Damit eine Bewertung hier möglich ist, wird im Antrag im Formularteil A2 (Participants) dazu aufgefordert, in der Liste der wesentlichen, bei Projektantrag bereits namentlich bekannten Beteiligten (Researchers involved in the proposal) deren Geschlecht anzugeben. Dabei wird nun erstmals im Formularteil die Möglichkeit gegeben, auch ein nicht-binäres Geschlecht anzugeben (male / female / non-binary).

Besonderheit beim ERC

Für Ausschreibungen der sogenannten "Starting Grants" und "Consolidator Grants" des Europäischen Forschungsrats (ERC) gilt weiterhin eine gewisse Erleichterung für Frauen: Üblicherweise beträgt das Zeitfenster, das zwischen Promotion und ERC-Antrag liegt, bei Starting Grants  2 - 7 Jahre beziehungsweise bei Consolidator Grants 7 bis 12 Jahre. Dieses Zeitfenster verlängert sich für Frauen bei Elternschaft pauschal um 18 Monate pro Kind; für Männer nur um die nachweislich genommene Elternzeit.

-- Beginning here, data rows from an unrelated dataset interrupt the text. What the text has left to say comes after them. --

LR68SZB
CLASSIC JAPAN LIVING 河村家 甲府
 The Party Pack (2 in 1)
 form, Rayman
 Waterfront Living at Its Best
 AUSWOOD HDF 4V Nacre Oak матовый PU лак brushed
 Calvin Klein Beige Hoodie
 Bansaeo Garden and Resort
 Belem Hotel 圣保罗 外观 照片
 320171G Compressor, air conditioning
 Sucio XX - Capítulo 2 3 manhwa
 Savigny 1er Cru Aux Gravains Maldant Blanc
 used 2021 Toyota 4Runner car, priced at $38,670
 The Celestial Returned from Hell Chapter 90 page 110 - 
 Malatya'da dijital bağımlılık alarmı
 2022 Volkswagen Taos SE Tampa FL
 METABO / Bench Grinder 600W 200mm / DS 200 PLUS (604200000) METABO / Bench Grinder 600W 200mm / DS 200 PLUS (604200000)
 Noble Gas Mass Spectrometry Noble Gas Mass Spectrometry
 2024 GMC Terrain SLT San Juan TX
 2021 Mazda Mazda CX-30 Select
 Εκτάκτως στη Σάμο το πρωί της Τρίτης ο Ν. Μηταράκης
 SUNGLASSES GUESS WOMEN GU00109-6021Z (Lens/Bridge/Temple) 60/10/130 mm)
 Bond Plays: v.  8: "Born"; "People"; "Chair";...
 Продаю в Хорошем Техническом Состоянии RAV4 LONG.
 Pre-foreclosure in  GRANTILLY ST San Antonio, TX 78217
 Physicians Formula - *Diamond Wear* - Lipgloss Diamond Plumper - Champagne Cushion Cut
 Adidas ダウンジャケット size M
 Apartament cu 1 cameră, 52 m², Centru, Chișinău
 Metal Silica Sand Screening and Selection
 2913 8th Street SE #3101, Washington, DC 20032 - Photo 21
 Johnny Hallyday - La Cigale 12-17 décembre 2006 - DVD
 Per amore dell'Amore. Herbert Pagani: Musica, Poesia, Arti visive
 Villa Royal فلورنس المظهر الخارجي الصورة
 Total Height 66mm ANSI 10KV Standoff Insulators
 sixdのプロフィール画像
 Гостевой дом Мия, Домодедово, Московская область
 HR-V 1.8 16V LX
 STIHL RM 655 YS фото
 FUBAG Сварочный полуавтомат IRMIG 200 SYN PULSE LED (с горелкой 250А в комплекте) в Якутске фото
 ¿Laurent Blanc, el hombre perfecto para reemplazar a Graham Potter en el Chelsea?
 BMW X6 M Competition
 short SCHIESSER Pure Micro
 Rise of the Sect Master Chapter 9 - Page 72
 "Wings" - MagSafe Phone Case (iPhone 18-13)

Wenn der Antrag erfolgreich war: Genderaspekte im Vertrag mit der Europäischen Kommission

War der Antrag erfolgreich, schließt die koordinierende Einrichtung einen Vertrag mit der Europäischen Kommission über das Projekt. In dieser Musterzuwendungsvereinbarung (Model Grant Agreement) verpflichtet sich das Konsortium zum Einsatz für Chancengleichheit im Projekt. Wörtlich heißt es dort:

"Article14: Gender mainstreaming
The beneficiaries must take all measures to promote equal opportunities between men and women in the implementation of the action and, where applicable, in line with the gender equality plan. They must aim, to the extent possible, for a gender balance at all levels of personnel assigned to the action, including at supervisory and managerial level."